Notice that I have changed the line cert_keep = certu[1:10] to cert_keep = certu[1:2] to fit the example. My understanding from infiltrating the function is that the problem happens when I return the function’s output.

To answer your question, in this case, I am expecting a dataframe but I don’t know if that is generating the problem. I use the function to reduce the size of large dataset. The goal is to debug a set of functions on a small dataset to make the process faster. So, I know from the data that certu has more than 10 elements.

I hope this helps.

Skander

That example runs fine for me and produces

julia> Getdf(df)
4Γ—3 DataFrame
 Row β”‚ A      B      cert
     β”‚ Int64  Int64  Int64
─────┼─────────────────────
   1 β”‚     1      1      1
   2 β”‚     2      2      1
   3 β”‚     3      3      2
   4 β”‚     4      4      2

same for me

Really? This is what I get.

ERROR: BoundsError: attempt to access 0-element Vector{Base.StackTraces.StackFrame} at index [1]
Stacktrace:
 [1] getindex
   @ .\array.jl:801 [inlined]
 [2] start_prompt(mod::Module, locals::Dict{Symbol, Any}, file::String, fileline::Int64; terminal::Nothing, repl::Nothing, nostack::Bool)
   @ Infiltrator C:\Users\DELL\.julia\packages\Infiltrator\doHg1\src\Infiltrator.jl:212
 [3] start_prompt(mod::Module, locals::Dict{Symbol, Any}, file::String, fileline::Int64)
   @ Infiltrator C:\Users\DELL\.julia\packages\Infiltrator\doHg1\src\Infiltrator.jl:193
 [4] top-level scope
   @ C:\Users\DELL\.julia\packages\Infiltrator\doHg1\src\Infiltrator.jl:52

Are you running this in a new Julia session?

Yes, I am running it on my main script.

Sorry I don’t know what that means. Are you saying that if you start a fresh Julia REPL in your terminal and paste in the example you posted above you are getting the indexing error?

Bogumil and I are saying that we have tried this and did not see any errors, so if that’s still he case for you we’d need to know the ouptut of versioninfo() and ]st to understand how you’re running Julia.
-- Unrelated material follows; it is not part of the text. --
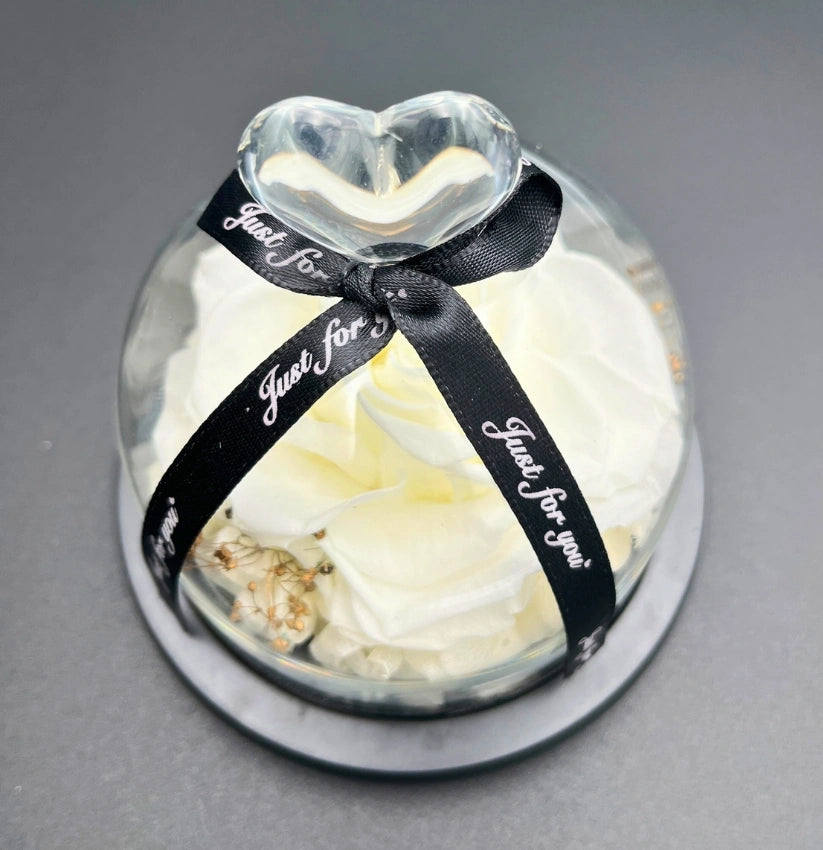 Small - LED White Rose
From the error stacktrace, this is running out of an Infiltrator call.

So, I have written the code on a script that I am running on VScode. I am not using the Julia REPL. As James mentioned, I am also using an infiltrator after the line

df_in_new = Getdf(df);

to inspect my variables. I should have probably mentioned that earlier.

Sorry for the confusion.

Ah, that clarifies things - I don’t know Infiltrator at all, but it appears that this error is entirely unrelated to your function which runs without error.

Thanks for the answers. Somehow I thought that the problem was coming from the function because of the bound error. I just tried the regular debugger from VScode, and it seems to be working, but it’s way slower than the infiltrator. So, I will use the debugger until I figure out what is happening with @infiltrate.